- [EXTRACTED DATA]
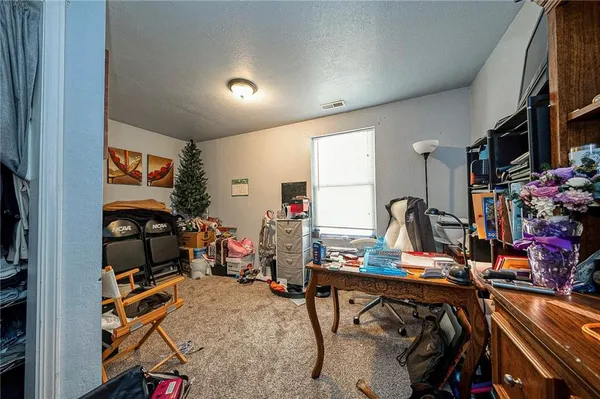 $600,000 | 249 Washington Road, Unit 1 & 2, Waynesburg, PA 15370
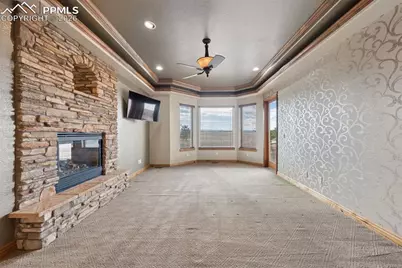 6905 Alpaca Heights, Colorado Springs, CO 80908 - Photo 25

...

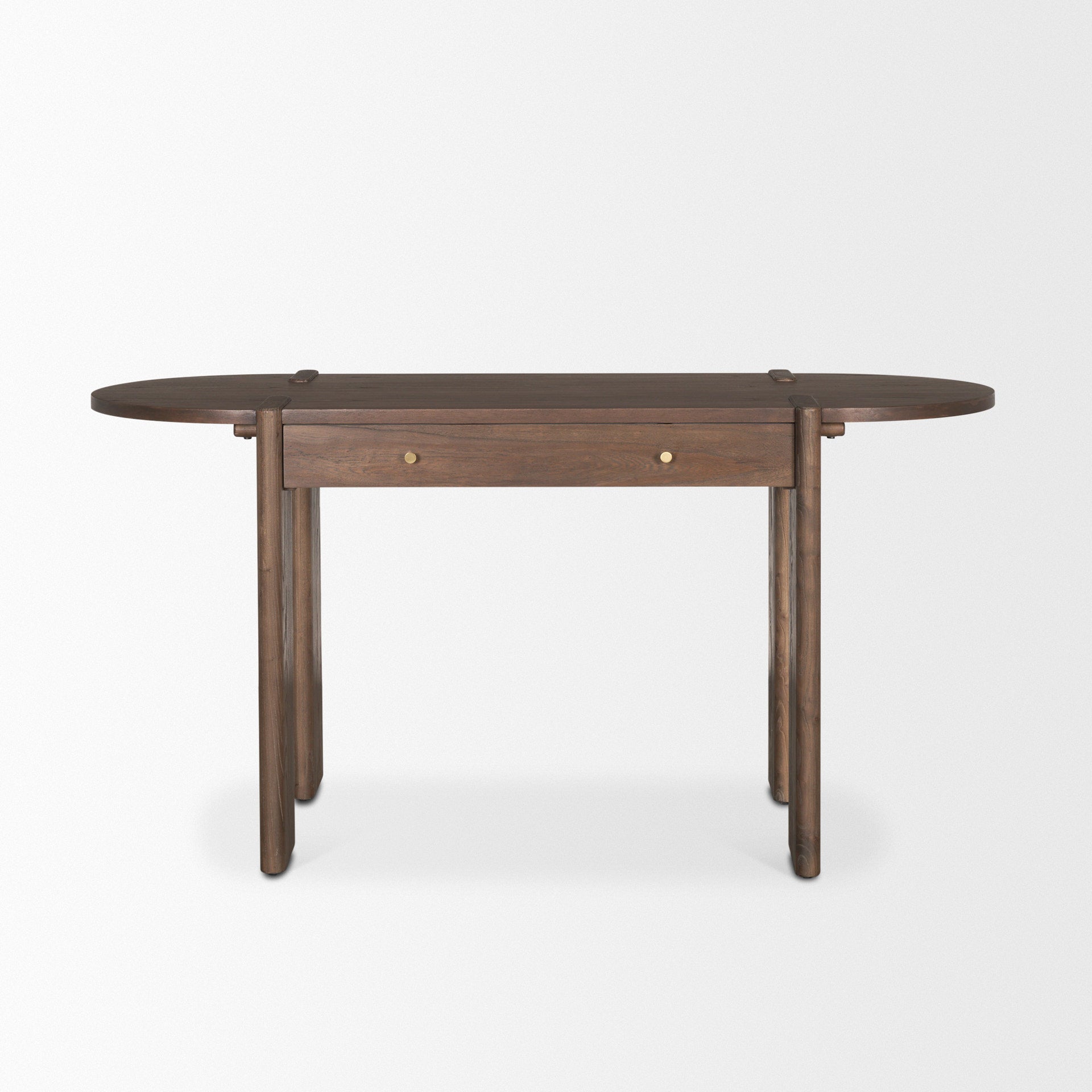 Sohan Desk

- [WORK ITEM] Transcribe, from the material above, the stretch starting at the line with "Waynesburg, PA 15370" and ending at the line with "6905 Alpaca Heights, Colorado", both included, exactly. Do not carry over pictures.

- [RESPONSE TO THIS TASK]
 $600,000 | 249 Washington Road, Unit 1 & 2, Waynesburg, PA 15370
 6905 Alpaca Heights, Colorado Springs, CO 80908 - Photo 25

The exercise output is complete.